Como soy una lectora omnívora, cada vez que me hacen esa pregunta, normalmente cambio las respuestas. ¿Referentes con respecto a Aquitania? Podría decirte “La vieja sirena” de José Luis Sampedro, o “La chica Salvaje” de Delia Owens, o incluso “Agua para Chocolate” de Laura Esquivel. De cada novela que lees vas quedándote con una parte que te sirve, aunque no tenga nada nada que ver el género, la trama o la época. Los escritores vamos tomando mucho de todos los libros que amamos y en el rompecabezas en nuestra cabeza van encontrando su lugar.
Hablando de Laura Esquivel y el realismo mágico, has comentado que en tus novelas anteriores trabajaste el “realismo mágico vasco”. ¿Qué lo caracteriza?
En una novela como “El Silencio de la ciudad blanca” me centré en la imagen del abuelo del protagonista. Fue una especie de homenaje a mi propio abuelo, que llegó a cumplir los 100 años. Era un personaje que no creía en brujas, pero sí se servía de los rituales que le enseñaron sus padres o sus abuelos. Yo recuerdo, siendo pequeña, que cada vez que nos salía algún problema en la piel, mi abuelo iba al manzano del huerto, cortaba una manzana y nos la frotaba. Después cogía un cordel y volvía a unir la manzana para enterrarla en la huerta para esperar que se pudrirse. Y en ese tiempo, se nos caía la verruga o el eccema sanaba. Nadie encontraba explicación, mi padre era abogado, mi madre profesora, todos con formación universitaria y no eran supersticiosos, pero ciertamente resultaba.

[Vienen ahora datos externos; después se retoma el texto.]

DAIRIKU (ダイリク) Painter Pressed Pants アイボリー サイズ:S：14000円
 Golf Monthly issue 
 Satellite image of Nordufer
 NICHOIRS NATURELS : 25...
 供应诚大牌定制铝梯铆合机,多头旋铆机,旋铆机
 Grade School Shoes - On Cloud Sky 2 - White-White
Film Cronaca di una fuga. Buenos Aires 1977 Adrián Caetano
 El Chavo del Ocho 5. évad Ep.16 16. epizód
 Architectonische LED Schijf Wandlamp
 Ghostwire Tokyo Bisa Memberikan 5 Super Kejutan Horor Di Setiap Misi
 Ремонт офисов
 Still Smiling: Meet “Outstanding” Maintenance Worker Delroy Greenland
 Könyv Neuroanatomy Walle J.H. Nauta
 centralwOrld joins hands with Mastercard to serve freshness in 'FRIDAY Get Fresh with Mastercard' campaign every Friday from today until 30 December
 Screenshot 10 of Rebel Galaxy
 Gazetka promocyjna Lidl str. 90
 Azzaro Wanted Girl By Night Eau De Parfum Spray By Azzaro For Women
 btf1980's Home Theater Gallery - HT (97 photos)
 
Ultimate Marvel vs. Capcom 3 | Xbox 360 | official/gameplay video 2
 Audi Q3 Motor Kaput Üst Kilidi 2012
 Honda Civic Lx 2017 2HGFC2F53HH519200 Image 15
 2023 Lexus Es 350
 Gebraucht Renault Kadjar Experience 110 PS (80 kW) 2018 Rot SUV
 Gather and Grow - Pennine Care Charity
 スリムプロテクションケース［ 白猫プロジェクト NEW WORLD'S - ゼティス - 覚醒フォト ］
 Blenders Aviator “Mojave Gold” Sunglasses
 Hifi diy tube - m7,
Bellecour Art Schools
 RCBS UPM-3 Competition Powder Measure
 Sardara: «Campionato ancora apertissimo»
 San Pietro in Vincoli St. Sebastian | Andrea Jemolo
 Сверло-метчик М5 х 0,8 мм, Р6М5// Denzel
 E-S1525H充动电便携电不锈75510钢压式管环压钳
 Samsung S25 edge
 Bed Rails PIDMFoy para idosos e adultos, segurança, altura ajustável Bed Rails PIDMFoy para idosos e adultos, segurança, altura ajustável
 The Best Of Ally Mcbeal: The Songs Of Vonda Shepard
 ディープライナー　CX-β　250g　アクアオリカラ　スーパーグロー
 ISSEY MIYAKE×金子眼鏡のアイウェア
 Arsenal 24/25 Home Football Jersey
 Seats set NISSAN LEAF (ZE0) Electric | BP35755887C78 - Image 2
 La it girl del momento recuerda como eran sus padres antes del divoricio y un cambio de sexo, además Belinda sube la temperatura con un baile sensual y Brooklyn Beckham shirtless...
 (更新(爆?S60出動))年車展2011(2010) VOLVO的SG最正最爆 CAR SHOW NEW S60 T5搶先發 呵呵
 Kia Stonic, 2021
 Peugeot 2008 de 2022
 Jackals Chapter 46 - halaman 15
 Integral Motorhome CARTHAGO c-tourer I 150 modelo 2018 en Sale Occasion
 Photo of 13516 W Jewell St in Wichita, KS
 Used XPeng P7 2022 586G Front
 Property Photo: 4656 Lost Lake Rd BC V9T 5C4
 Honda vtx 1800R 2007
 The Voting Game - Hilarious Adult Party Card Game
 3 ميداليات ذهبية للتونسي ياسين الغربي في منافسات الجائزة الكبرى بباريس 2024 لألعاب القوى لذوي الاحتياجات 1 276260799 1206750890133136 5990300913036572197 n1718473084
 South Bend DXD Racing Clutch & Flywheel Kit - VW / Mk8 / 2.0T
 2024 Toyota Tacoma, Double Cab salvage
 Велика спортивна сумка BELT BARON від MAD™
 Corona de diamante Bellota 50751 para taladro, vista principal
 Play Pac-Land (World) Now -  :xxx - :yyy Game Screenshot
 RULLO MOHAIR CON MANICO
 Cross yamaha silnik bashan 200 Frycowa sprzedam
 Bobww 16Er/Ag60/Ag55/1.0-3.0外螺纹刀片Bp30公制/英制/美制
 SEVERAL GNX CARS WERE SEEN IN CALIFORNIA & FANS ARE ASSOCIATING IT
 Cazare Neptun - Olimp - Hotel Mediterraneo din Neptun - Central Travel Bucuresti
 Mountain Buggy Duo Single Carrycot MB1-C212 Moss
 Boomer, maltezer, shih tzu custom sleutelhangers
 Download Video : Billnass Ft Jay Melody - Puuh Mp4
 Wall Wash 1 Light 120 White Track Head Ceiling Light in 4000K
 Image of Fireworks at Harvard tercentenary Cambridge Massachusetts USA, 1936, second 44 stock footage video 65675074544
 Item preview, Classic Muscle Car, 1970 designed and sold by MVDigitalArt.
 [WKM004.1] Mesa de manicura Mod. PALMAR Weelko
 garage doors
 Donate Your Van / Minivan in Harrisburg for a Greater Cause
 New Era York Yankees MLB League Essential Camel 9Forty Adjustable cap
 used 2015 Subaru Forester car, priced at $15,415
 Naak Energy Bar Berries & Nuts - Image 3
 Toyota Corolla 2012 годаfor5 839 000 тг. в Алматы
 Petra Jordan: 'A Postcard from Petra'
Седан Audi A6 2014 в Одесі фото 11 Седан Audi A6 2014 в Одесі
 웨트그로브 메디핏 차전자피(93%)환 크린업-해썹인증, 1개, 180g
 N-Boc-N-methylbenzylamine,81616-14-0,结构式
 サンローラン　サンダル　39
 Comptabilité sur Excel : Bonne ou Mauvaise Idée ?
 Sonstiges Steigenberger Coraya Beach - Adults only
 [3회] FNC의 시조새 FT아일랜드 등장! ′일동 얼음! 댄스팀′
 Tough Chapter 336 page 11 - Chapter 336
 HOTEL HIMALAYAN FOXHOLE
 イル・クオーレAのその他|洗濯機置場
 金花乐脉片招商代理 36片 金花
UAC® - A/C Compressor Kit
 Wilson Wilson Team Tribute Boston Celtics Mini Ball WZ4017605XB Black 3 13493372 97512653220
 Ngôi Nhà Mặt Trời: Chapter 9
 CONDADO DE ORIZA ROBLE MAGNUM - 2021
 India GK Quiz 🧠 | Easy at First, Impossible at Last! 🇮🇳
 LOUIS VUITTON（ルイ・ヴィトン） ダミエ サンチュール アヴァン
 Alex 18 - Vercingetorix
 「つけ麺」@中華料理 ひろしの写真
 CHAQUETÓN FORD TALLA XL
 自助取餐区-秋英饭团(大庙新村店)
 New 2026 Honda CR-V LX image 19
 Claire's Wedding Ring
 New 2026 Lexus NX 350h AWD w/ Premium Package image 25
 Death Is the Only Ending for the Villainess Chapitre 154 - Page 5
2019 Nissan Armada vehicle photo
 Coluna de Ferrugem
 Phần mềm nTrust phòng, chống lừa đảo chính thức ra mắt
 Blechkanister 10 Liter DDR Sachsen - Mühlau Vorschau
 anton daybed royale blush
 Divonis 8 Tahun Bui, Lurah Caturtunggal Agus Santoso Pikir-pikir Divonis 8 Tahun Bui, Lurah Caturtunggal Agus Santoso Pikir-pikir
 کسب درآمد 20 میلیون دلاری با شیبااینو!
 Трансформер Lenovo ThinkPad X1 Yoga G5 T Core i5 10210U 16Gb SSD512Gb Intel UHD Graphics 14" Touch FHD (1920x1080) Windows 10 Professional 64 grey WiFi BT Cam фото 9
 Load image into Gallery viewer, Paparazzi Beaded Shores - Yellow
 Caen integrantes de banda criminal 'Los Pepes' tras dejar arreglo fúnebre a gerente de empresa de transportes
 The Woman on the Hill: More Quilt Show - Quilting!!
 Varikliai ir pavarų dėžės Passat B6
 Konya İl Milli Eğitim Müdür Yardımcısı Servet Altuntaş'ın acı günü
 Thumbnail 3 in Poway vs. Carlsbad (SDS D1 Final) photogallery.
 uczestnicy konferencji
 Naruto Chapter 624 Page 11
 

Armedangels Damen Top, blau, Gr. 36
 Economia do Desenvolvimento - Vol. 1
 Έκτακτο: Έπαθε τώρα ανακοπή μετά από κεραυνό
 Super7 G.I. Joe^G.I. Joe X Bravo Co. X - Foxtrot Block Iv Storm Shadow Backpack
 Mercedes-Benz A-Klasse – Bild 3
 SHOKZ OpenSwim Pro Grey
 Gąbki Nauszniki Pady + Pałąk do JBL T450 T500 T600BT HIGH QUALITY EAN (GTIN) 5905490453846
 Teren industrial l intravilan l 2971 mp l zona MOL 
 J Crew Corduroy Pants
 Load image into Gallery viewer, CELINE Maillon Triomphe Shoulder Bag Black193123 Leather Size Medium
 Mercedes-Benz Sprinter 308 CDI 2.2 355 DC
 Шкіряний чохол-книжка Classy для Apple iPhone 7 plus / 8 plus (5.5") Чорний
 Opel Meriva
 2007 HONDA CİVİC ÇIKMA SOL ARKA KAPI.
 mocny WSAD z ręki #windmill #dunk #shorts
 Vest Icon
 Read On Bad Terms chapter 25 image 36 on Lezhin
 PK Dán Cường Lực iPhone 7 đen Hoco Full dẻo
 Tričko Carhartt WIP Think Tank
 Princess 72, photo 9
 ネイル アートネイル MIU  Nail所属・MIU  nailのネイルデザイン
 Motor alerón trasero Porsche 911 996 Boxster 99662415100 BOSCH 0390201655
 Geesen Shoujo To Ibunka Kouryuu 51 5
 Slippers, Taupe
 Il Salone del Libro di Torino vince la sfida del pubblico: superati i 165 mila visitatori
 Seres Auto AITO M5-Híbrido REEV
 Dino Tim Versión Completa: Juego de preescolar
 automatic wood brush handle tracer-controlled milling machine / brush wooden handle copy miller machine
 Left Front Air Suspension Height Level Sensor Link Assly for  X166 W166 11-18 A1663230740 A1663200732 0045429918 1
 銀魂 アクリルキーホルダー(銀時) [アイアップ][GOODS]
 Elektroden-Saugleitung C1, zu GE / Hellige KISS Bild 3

Tiene que ver con esa sensatez vasca de creer que si un remedio pagano funciona, aunque no sea muy científico, se adopta. Y me gustaba jugar con ese realismo mágico.
A propósito de “El Silencio de la ciudad blanca”, en 2019 de tu novela se hizo una película que puede verse en Netflix. ¿La recomiendas?
Yo te recomiendo leer la novela. Tiene una parte humana y familiar que enamoró a los lectores, pero que no sale en el filme. La película fue hecha por un director muy profesional, Daniel Calparsoro, y los actores no podían ser mejores, Belén Rueda, Aura Garrido o Javier Rey. Lo mejor que hay ahora mismo en el cine patrio. Pero es cierto que la película solo transmite el thriller de la historia. Yo comprendo que en un metraje de 100 minutos no se pueden meter 500 páginas, y que por ello tuvieron que quitar toda la explicación del caso. Pero en el fondo, la novela trata del silencio cómplice de toda una ciudad que prefiere mirar hacia otro lado antes de investigar un caso de violencia de género. Ese es el germen del monstruo, un futuro asesino en serie en la Vitoria de los años 70. Y en ningún lado el filme explica la psicología de una persona que puede llegar a hacer eso. Quedó como un thriller como tantos otros que podemos ver en Netflix. ¿Qué sentido tiene?